Example 1: Schedule pods to specified node pools

You want to schedule the pods of a Deployment to specific node pools, for example, Node Pool A and Node Pool B. You want to prioritize the use of Node Pool A and schedule pods to Node Pool B only if the computing resources of Node Pool A are insufficient. In scale-in activities, you want to delete pods from the nodes in Node Pool B first. In this example, Node Pool A contains the following nodes: cn-beijing.10.0.3.137 and cn-beijing.10.0.3.138. Node Pool B contains the following nodes: cn-beijing.10.0.6.47 and cn-beijing.10.0.6.46. Each of these nodes has 2 vCores and 4 GB of memory. Perform the following steps to configure priority-based resource scheduling:

Create a ResourcePolicy with the following template:

apiVersion: scheduling.alibabacloud.com/v1alpha1
kind: ResourcePolicy
metadata:
  name: nginx
  namespace: default
spec:
  selector:
    app: nginx # You must specify the label of the pods to which you want to apply the ResourcePolicy. 
  strategy: prefer
  units:
  - resource: ecs
    nodeSelector:
      alibabacloud.com/nodepool-id: np7ec79f2235954e879de07b780058****
  - resource: ecs
    nodeSelector:
      alibabacloud.com/nodepool-id: npab2df797738644e3a7b7cbf532bb****

Note

To view the ID of a node pool, choose Nodes > Node Pools on the details page of a cluster in the ACK console. For more information, see Create a node pool.

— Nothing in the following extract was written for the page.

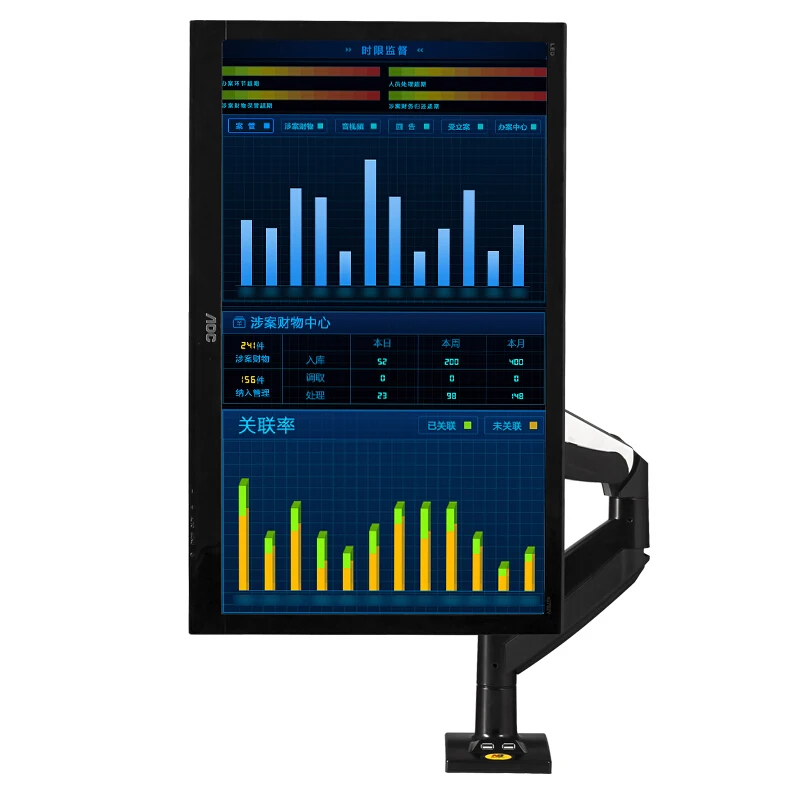 NB F85A رصد حامل سطح العمل الميكانيكية الربيع رفع حامل تليفزيون 22-32 بوصة طويلة الذراع كامل الحركة LCD حامل قاعدة مع 2 منفذ يو اس بي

Use the following template to create a Deployment that provisions two pods:

apiVersion: apps/v1
kind: Deployment
metadata:
  name: nginx
  labels:
    app: nginx
spec:
  replicas: 2
  selector:
    matchLabels:
      app: nginx
  template:
    metadata:
      name: nginx
      labels:
        app: nginx # The pod label must be the same as the one that you specified for the selector in the ResourcePolicy. 
    spec:
      containers:
      - name: nginx
        image: nginx
        resources:
          limits:
            cpu: 2
          requests:
            cpu: 2

Deploy an NGINX application and query the pods.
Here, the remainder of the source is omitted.